Exercise description
Set down every record below exactly as it stands, leaving out the pictures.

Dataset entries
========================================
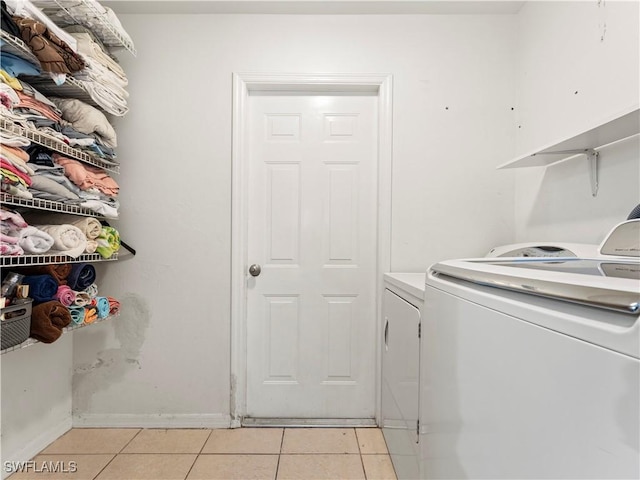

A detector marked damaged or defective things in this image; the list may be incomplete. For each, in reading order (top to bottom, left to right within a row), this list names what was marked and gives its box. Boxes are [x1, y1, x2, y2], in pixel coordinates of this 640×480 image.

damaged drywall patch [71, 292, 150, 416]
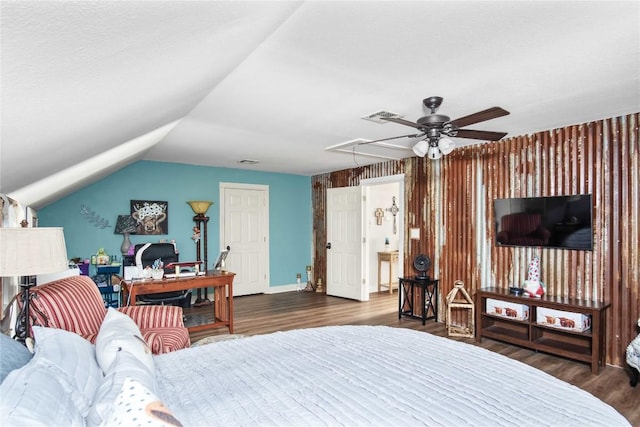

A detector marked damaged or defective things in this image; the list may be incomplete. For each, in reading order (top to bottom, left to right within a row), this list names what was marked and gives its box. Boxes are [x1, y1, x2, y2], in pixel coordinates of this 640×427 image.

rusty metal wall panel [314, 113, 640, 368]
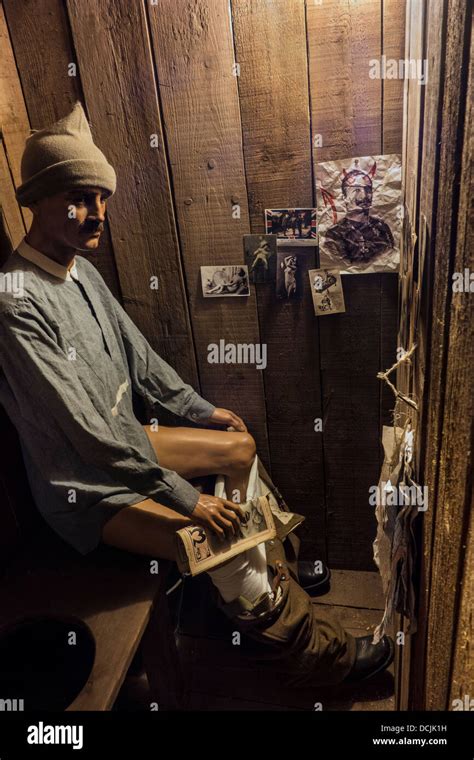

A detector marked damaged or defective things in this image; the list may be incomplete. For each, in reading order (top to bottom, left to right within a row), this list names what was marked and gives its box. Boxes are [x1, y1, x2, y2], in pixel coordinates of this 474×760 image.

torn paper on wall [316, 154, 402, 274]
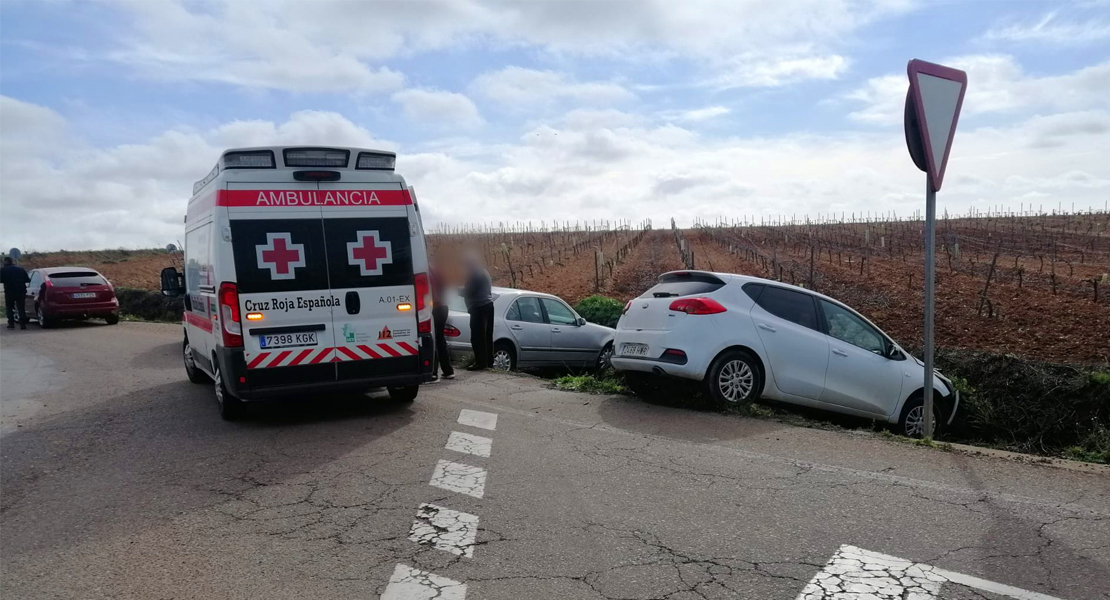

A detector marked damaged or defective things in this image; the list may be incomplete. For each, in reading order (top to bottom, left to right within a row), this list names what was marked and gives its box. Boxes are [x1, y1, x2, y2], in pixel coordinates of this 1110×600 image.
========================================
Reply to the exercise
A detector marked damaged or defective things in this image; the list may be incomplete. For each, in reading order (top to bottom, left to right within a row), this list names what was marked and gives its box. Boxes are [x1, y1, x2, y2], in pixel coordinates of this 640×480 image.

damaged drywall patch [71, 292, 150, 416]

A detector marked damaged or defective things in this image; the list may be incomplete. For each, in reading order (top to bottom, left to right within a row), this list names what was marked and gives its box. Boxes are [x1, y1, x2, y2], in pixel coordinates of this 640×427 image.

rusty metal wall panel [314, 113, 640, 368]

A detector marked damaged or defective things in this image; the list may be incomplete. For each, in reading order (top to bottom, left to right within a row), this list names what was marked and gives its box. Boxes are [x1, y1, x2, y2], in pixel coordinates of this 474×760 image.

torn paper on wall [316, 154, 402, 274]

A detector marked damaged or defective things in this image; the list may be incomplete. For each, in reading order (top to bottom, left to right within a row), this list names what was marked and gives its box. Boxes are [x1, y1, x2, y2], in pixel coordinates of this 1110×600 image.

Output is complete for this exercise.